La chronologie ne fonctionnera évidemment pas. Les Houthis et leurs alliés n’arrêteront pas leurs opérations avant que les Saoudiens ne mettent fin à leurs bombardements. Un cessez-le-feu simultané des deux côtés est la seule possibilité. Les Houthis ne mettront pas non plus leurs missiles sous surveillance internationale.

La déclaration américaine néglige l’aspect économique de la famine.

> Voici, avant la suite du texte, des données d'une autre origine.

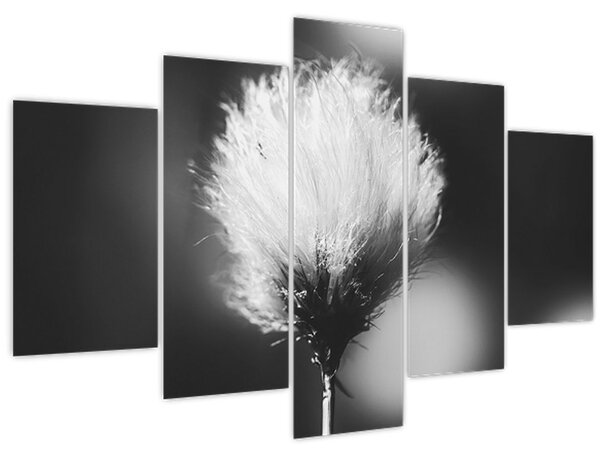 Tablou - Coțofană neagră și albă (150x105 cm)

Tout en se félicitant du plan, l’envoyé de l’ONU, Martin Griffiths, a souligné le problème de la banque centrale comme l’un des facteurs de la famine :

« J’exhorte toutes les parties concernées à saisir cette occasion pour participer de manière constructive aux efforts en cours pour la reprise rapide des consultations politiques afin de s’accorder sur un cadre de négociations politiques et sur des mesures visant à renforcer la confiance, notamment le renforcement des capacités de la Banque centrale du Yémen, l’échange de prisonniers et la réouverture de l’aéroport de Sanaa », a-t-il déclaré dans un communiqué.

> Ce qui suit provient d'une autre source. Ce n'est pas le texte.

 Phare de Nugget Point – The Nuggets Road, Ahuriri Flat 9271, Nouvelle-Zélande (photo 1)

Le plan américain est mort-né mais c’est un grand changement dans le tact et un point de départ.

Il est intéressant de noter que la déclaration du département d’État reconnaît les frappes houthies contre les Émirats arabes unis. Tandis que plusieurs frappes de ce type avaient été revendiquées, ni les Émirats arabes unis ni les États-Unis ne les avaient confirmées jusqu’ici. Une notification aux aviateurs (NOTAM) publiée par les Émirats arabes unis il y a deux semaines, a fait allusion à de telles frappes (voir NOTAMN A1987 / 18) mais a été peu remarquée. La capacité des Houthis à frapper à une distance de 1 600 km est probablement l’un des principaux motifs qui pousse les Saoudiens et les Émirats Arabes Unis à accepter un cessez-le-feu et des négociations.

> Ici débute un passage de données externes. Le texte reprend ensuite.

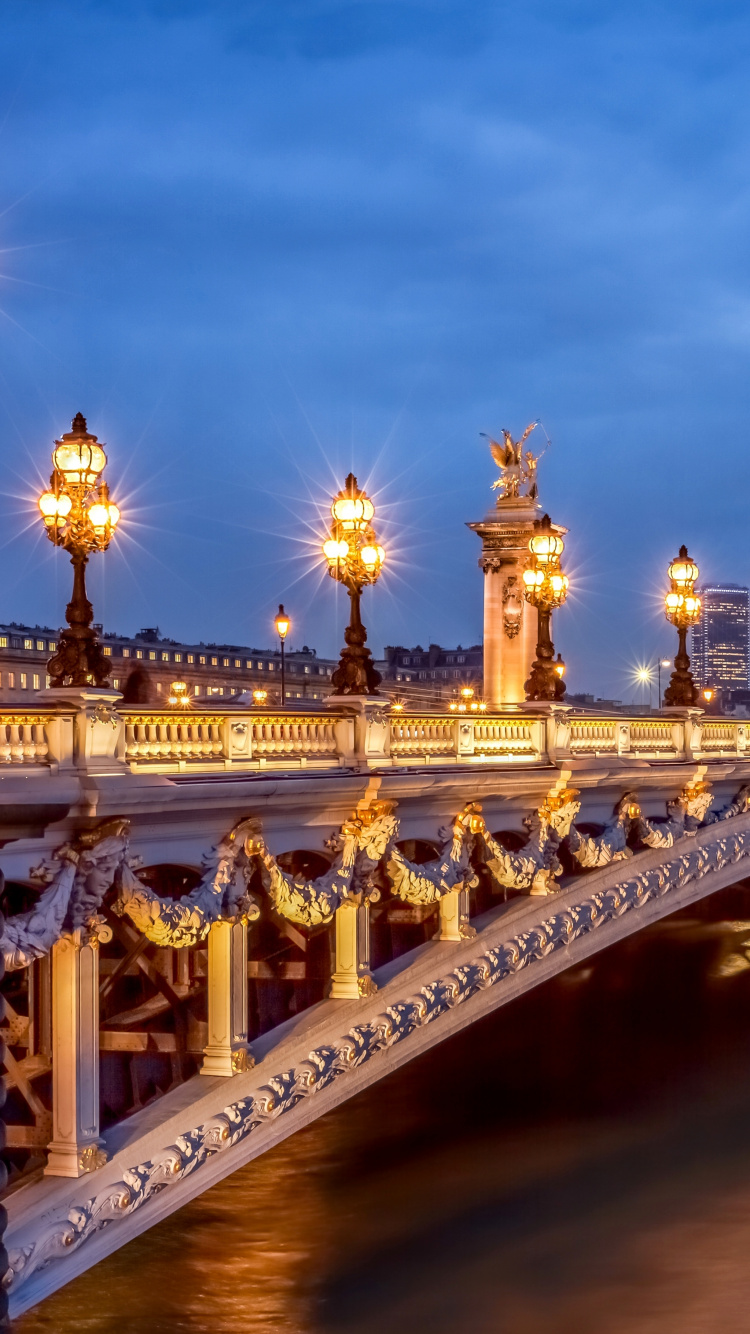 Обои Мост Александра III, Эйфелева башня, сена, мост, ориентир в разрешении 750x1334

La guerre saoudienne contre le Yémen est un échec. Une troisième attaque récente des forces soutenues par les EAU sur le port de Hodeidah a de nouveau été repoussée. Les lignes de front sont jonchées de véhicules militaires brûlés. Pendant ce temps, les attaques des Houthis en Arabie Saoudite se poursuivent. Les Houthi continuent également à acquérir de nouvelles capacités. Il y a quelques jours, ils ont dévoilé un nouveau missile d’une portée de 150 kilomètres et d’une précision impressionnante de 3 mètres. Ils ont prouvé son exactitude dans une vidéo montrant une frappe sur une maison désaffectée et une seconde sur un camp de mercenaires soudanais au sud de Hodeidah.

Même si les négociations débutent le mois prochain, la guerre au Yémen ne se terminera pas de si tôt. Le nombre de morts va augmenter tout au long de l’hiver. En dépit du coût élevé, le peuple yéménite continuera de se battre jusqu’à ce que la dernière force étrangère quitte son pays.

Comme Isa Blumi l’écrit dans son essai :

Depuis plus d’un siècle, les Yéménites résistent à une machine capitaliste mondiale qui menace aujourd’hui de s’effondrer. Ironiquement, c’est le Yémen qui a éduqué les Ottomans de haut niveau sur les limites du gouvernement moderne.

Certains dirigeants responsables aujourd’hui peuvent peut-être aussi se demander quelles leçons ils peuvent tirer du Yémen et éviter, espérons-le, le désastre imminent qui attend ceux qui sont trop étroitement liés à un effondrement de l’ordre capitaliste occidental pris au piège de la destruction du sud de l’Arabie.